Figure 2. Mediapipe Face Mesh includes 468 3D face landmarks. To reduce computation, we used the blue keypoints obtained from the pose model instead.

For the body, we reduced the body keypoints to five: four from the original BlazePose model and one midpoint between the shoulder keypoints for chest detection. This selection was due to the movements in the signs being above the waist, making leg keypoints irrelevant for our model. For the hands, we kept all 21 keypoints because hand and finger positions are crucial for distinguishing between signs.

Figure 3 displays the final topology of our translation system, comprising 58 keypoints. We calculated the X, Y, and Z coordinates for each, resulting in 174 features for processing.

Figure 3. Final 58 Keypoints used for the sign-recognition system.

By reducing the keypoints, we optimized the model’s input layer, thereby decreasing its computational demands.

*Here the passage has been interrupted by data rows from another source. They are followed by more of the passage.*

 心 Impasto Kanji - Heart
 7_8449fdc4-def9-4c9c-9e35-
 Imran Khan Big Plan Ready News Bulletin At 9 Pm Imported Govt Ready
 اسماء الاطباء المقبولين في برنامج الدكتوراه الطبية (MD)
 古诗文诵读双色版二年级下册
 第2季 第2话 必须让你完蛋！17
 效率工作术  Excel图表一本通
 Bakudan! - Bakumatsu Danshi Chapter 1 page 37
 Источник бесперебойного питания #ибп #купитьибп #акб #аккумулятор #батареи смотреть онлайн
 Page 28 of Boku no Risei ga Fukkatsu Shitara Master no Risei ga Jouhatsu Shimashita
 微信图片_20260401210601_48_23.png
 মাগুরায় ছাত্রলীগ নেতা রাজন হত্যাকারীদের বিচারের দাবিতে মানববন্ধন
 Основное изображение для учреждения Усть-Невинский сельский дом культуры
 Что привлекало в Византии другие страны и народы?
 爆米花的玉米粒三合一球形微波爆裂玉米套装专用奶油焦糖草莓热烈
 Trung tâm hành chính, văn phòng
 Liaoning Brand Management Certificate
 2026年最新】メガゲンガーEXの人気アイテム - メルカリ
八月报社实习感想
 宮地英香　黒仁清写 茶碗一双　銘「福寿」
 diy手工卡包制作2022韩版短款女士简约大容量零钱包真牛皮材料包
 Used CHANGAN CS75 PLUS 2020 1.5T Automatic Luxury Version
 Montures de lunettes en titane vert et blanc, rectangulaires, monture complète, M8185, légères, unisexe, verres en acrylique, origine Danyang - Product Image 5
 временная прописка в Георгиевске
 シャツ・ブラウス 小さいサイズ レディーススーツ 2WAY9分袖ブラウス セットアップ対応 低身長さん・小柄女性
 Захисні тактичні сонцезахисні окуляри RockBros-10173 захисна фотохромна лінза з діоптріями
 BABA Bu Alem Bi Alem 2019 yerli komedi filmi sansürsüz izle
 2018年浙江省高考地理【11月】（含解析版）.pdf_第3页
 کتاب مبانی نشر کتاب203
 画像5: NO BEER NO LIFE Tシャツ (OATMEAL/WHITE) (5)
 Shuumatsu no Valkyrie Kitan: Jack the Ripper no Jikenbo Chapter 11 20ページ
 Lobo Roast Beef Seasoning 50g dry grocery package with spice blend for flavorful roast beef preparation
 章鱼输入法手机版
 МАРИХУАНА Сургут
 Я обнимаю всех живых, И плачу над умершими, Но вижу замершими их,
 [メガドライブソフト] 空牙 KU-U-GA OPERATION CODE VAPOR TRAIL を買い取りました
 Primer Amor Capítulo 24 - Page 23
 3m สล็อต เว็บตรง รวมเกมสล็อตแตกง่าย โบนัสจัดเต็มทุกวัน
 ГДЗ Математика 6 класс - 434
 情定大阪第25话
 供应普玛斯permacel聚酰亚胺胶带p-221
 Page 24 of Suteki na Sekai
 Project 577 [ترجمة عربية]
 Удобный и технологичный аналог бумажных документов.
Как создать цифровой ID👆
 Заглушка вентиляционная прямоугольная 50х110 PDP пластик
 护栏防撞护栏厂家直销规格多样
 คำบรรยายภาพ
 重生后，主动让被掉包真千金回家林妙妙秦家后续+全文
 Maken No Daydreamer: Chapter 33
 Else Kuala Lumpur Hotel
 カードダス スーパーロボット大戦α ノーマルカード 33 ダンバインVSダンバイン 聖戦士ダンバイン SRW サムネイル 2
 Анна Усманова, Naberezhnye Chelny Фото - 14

This optimization made both the training and inference processes more efficient and reduced the data volume needed for training, validation, and testing splits of the model.

3.3. Data Collection

To make the system manageable, we chose a subset of ten signs, precisely phrases applicable in a school setting. The selected phrases are: “Hello”, “Are there any questions?”, “Help me”, “Good morning”, “Good afternoon”, “Good night”, “What is the homework?”, “Is this correct?”, “The class is over”, and “Can you repeat it?”. Approximately 1000 samples of each sign were collected from six individuals, comprising an equal gender split of three women and three men, with their ages ranging from 22 to 55.

For sample collection of these phrases, we developed a Python script that uses MediaPipe’s keypoint detector to gather samples of each sign. We collected each sign from a distance of 2m containing 15 frames with detections. We found that in practice, all signs fit within this time period.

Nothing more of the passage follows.